Task » Reproduce only the lines below from the line containing "ACT — ACT 2001" to the line containing "SMJ Z폴드 거치대", exactly as written, with both end lines kept. Omit the pictures.

Supplied material »
+++
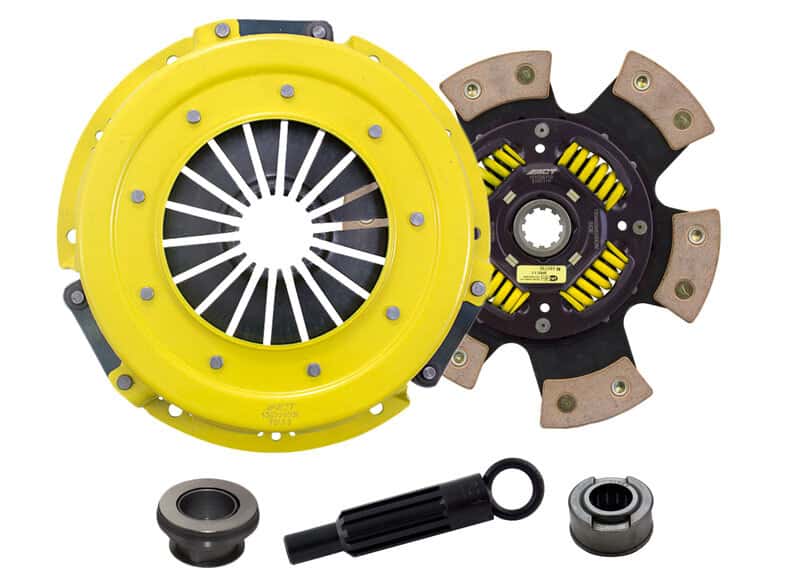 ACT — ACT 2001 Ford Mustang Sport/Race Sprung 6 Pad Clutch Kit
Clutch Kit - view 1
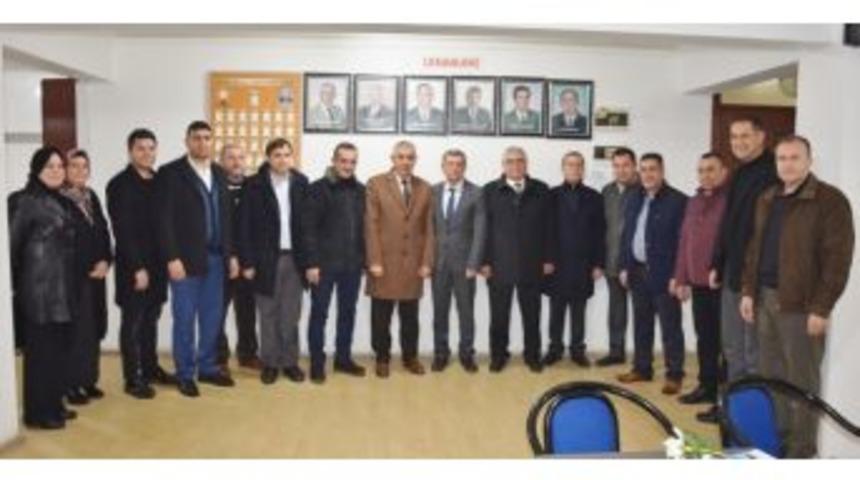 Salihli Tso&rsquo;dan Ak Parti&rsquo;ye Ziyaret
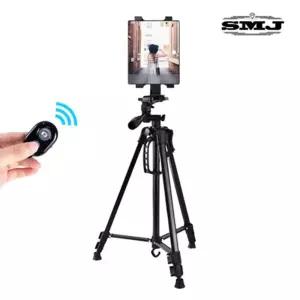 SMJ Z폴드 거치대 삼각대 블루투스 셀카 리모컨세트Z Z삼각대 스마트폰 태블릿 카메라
+++
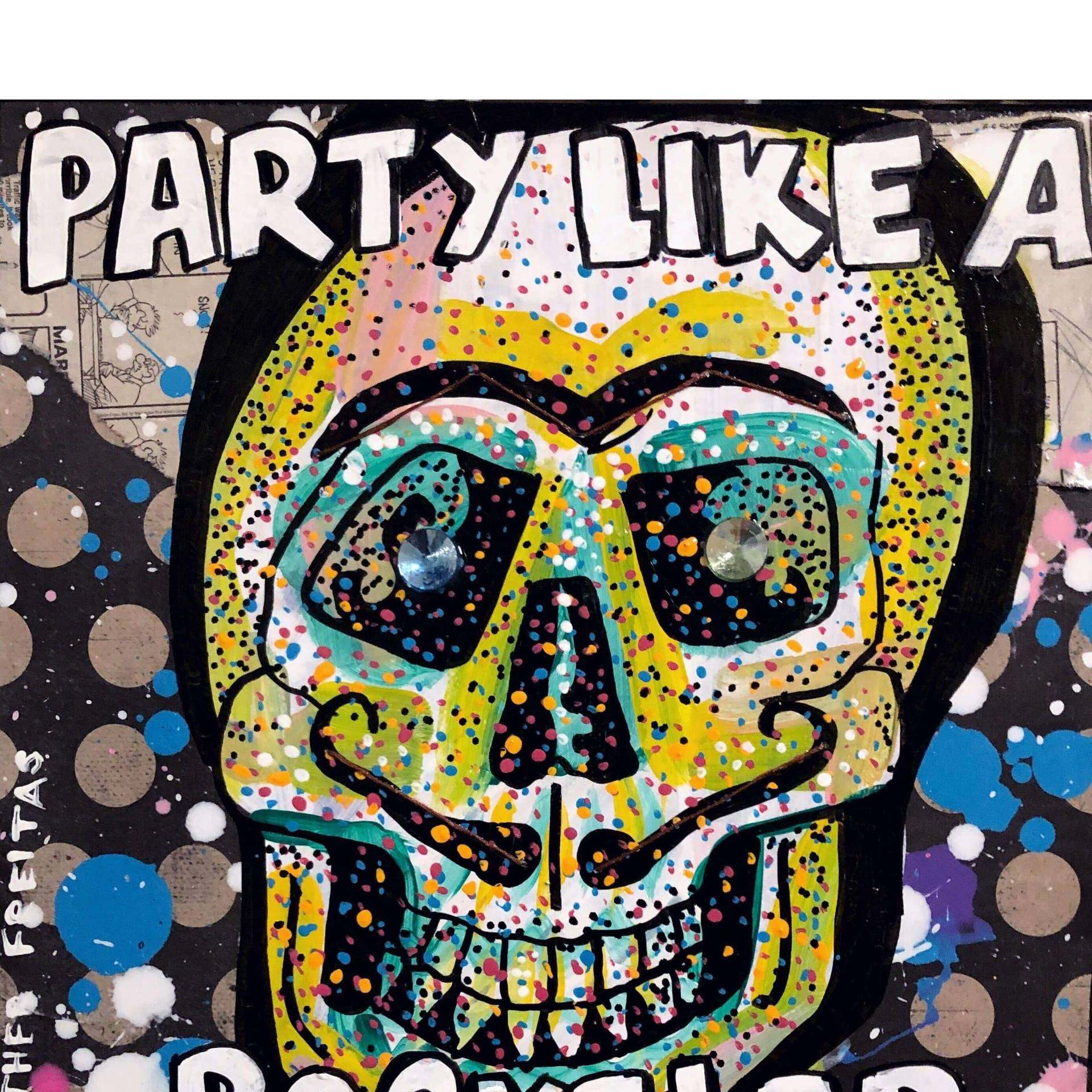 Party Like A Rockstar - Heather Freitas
+++
Reply to the task »
 ACT — ACT 2001 Ford Mustang Sport/Race Sprung 6 Pad Clutch Kit
Clutch Kit - view 1
 Salihli Tso&rsquo;dan Ak Parti&rsquo;ye Ziyaret
 SMJ Z폴드 거치대 삼각대 블루투스 셀카 리모컨세트Z Z삼각대 스마트폰 태블릿 카메라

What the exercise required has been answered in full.